My desire to pose with long sticks started early!
By the end of 1973 I had my own Dojo in my parent's cellar! Only a few snaps survive of this secret ninja hangout and the above is one of them! Kung Fu really didn't fit my gangly goofy bespectacled self but I didn't care. It was new and interesting and full of strange new words like Wing Chun and Pa Kua. For me it was Geek Fu pure and simple!
I was hooked and as far as I could tell so were thousands like me. We all wanted to be Bruce Lee or Kwai Chang Kane. I can remember putting the Dojo together and building all the chinese weapons as if were yesterday. They were indeed glorious days filled with teenage Zen and loose tea Cha No Yu.
Me about to skewer my small nephew 1973. Note his bin lid shield!
I miss the Dojo and my Kung Fu friends Masey, Cookie and Nick Rowe. With typical adolescent nerdiness we had our badge, grading system and legendary sparring sessions. The 'zenith' of our obsession had to be recreating a samurai battle in my back garden!

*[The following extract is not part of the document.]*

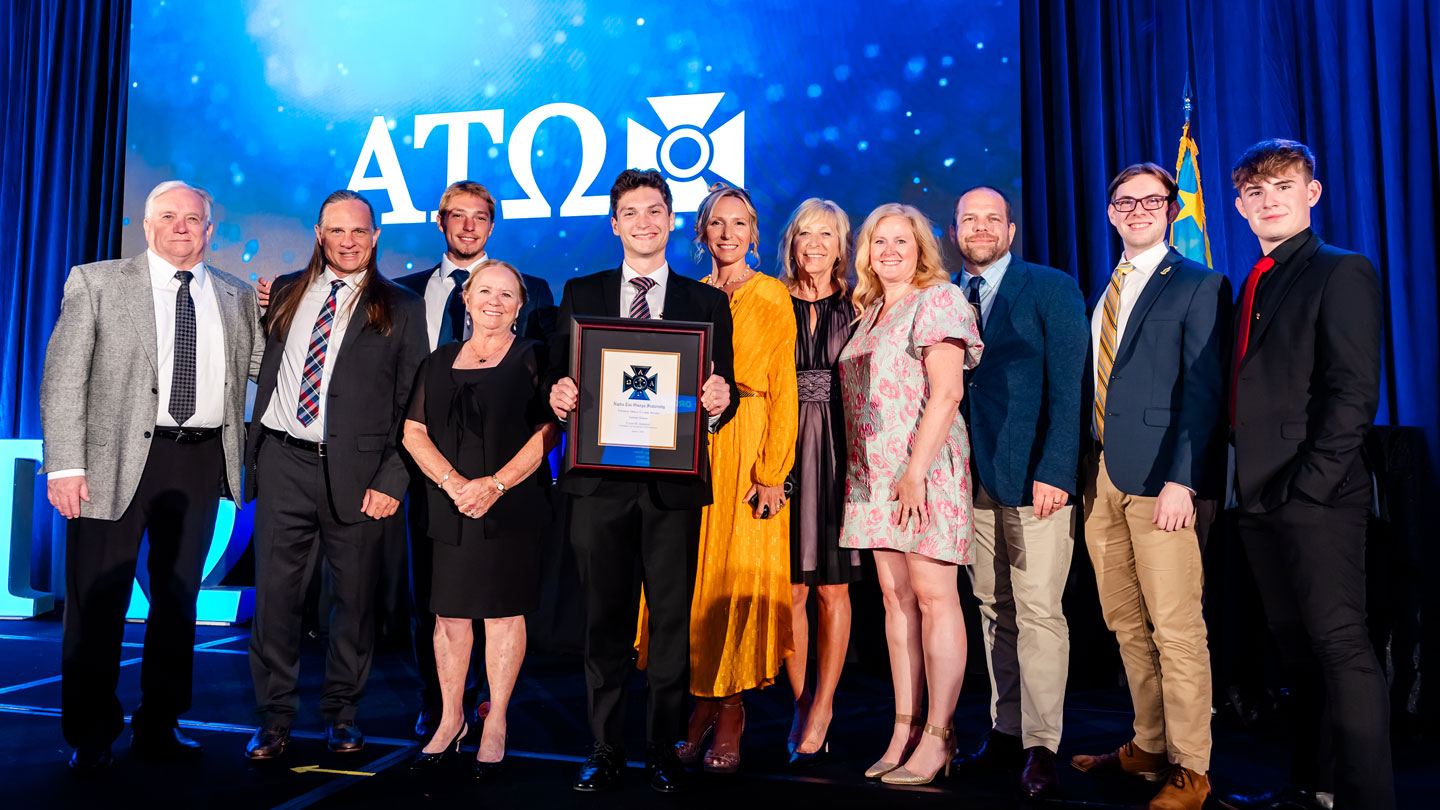 Cadis Ammons, center, a member of the Alpha Tau Omega fraternity’s Theta Pi chapter at The University of Alabama in Huntsville, holds the 2025 Thomas Arkle Clark Award. Surrounding him at the award ceremony, are family members and friends who have become like family to him: from left to right, Rick Ammons, paternal grandfather; Matthew Ammons, father; Nash Ammons, brother; Brenda Ammons, paternal grandmother; Cadis Ammons; Season Ammons, mother; Jackie Head, maternal grandmother; Jill March and Andy March, church family, and Caleb March and Avery March, ATO brothers and church family. The TAC Award was presented at the annual ATO National Award Celebration (NAC 2025) in Miami.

Classic judo battles with my two bruvvers circa 1972/1973
We wore armour cut from carpets, chicken-mesh helmets with visors and brandished swords made from metal carpet strips. My mum even made me a Hakama, the Japanese dress-pants worn by Kendoka or swordsmen. Her Grattan catalogue supplied a cheap copy katana too so I felt like a Lord! The spike and chain of the Ninja, the Kusarigama, were made from toilet chains with the rubber handles popular at the time and the 'field' was bristling with tonfa, nunchaks and sai!
Posing with my big bruvv Steve circa 1972. Note the broom-handle Nunchakus!

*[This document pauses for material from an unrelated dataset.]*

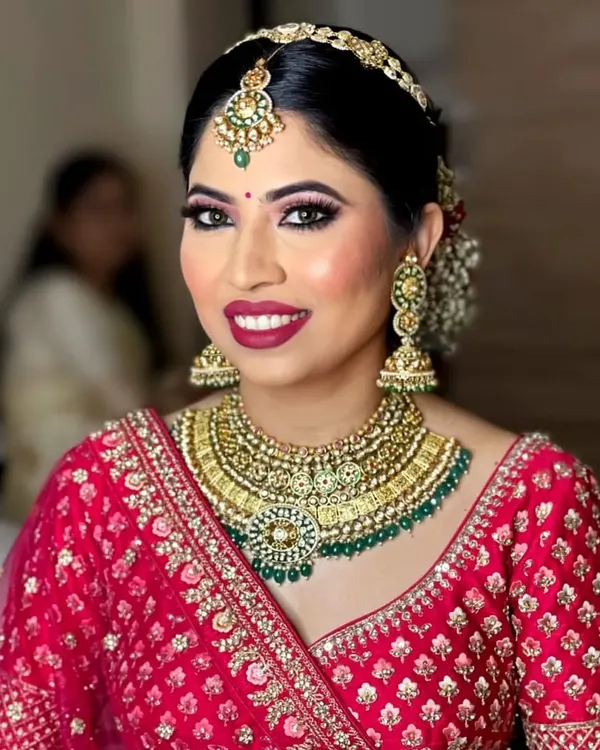 This is the moment every bride dreams of. I love helping you find the perfect, radiant Kundan bridal set that makes you feel like royalty on your wedding day. This stunning gold-plated choker with green beadwork is available for rent.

The most daring point of the battle was a bow and arrow shot the full length of the garden aimed straight at my mate Masey's wire helmeted head! In true Kyujutsu fashion the bow was huge and the arrow was long and tipped with a tennis ball - the closest [and safest] thing we could find to copy the screaming whistle we'd seen attached in an old book like this one!
It was a classic skirmish worthy of the nobles of old Edo! I only wish we'd had it filmed on Super 8! We knew how to play in those days!
What were your teenage crazes readers?